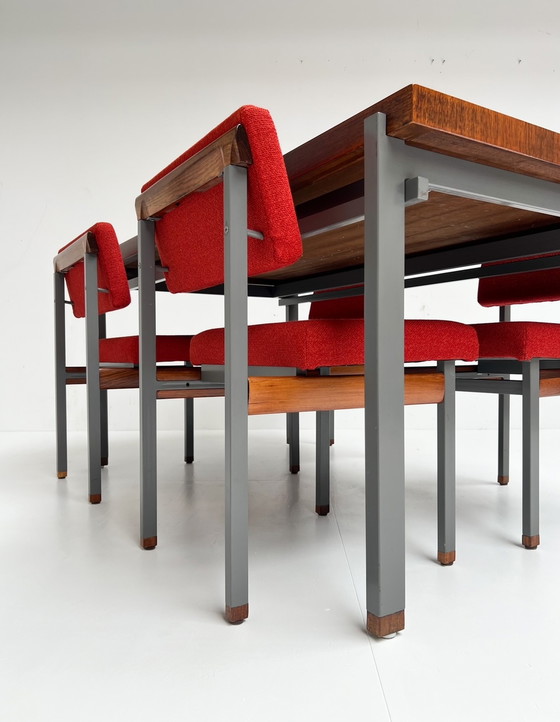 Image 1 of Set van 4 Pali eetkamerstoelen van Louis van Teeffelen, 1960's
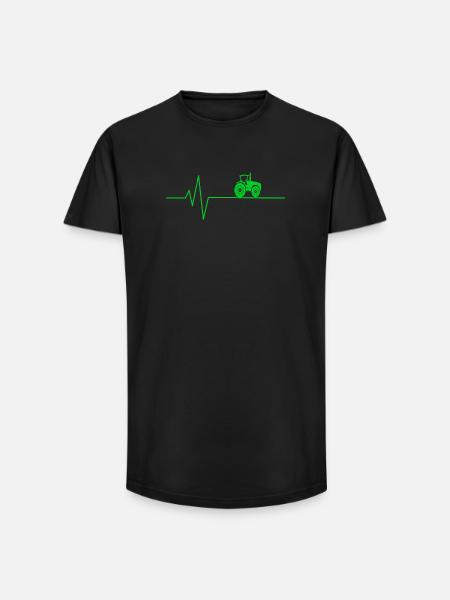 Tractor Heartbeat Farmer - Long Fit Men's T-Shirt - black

--

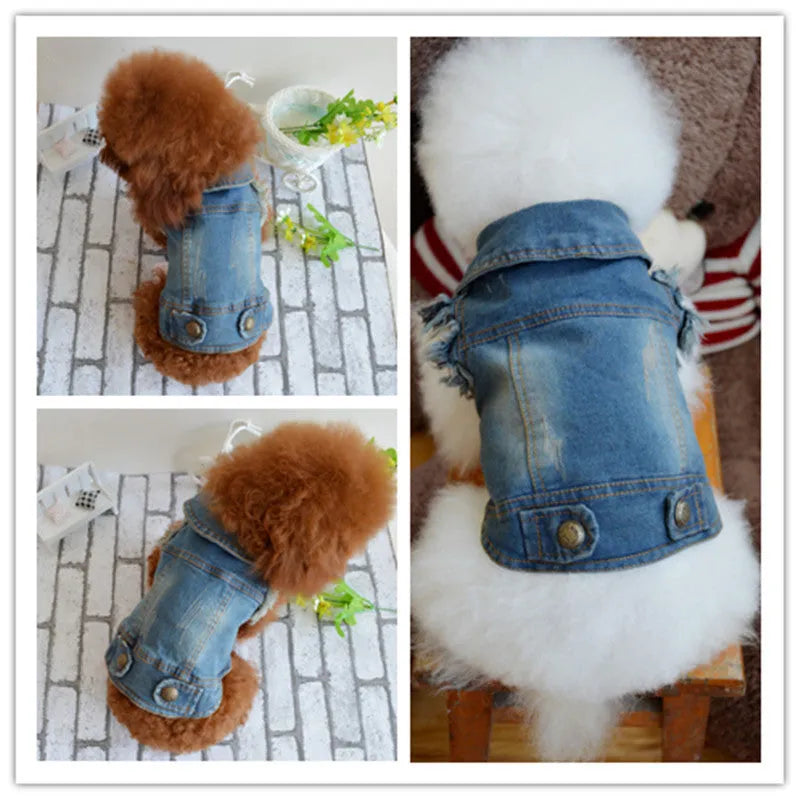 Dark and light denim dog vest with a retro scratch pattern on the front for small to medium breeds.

> **Problem description**: Within the listing above, extract exactly the lines that run from the one containing "Image 1 of Set" through the one containing "Tractor Heartbeat Farmer", excluding any pictures.

> **Answer for the task**:
 Image 1 of Set van 4 Pali eetkamerstoelen van Louis van Teeffelen, 1960's
 Tractor Heartbeat Farmer - Long Fit Men's T-Shirt - black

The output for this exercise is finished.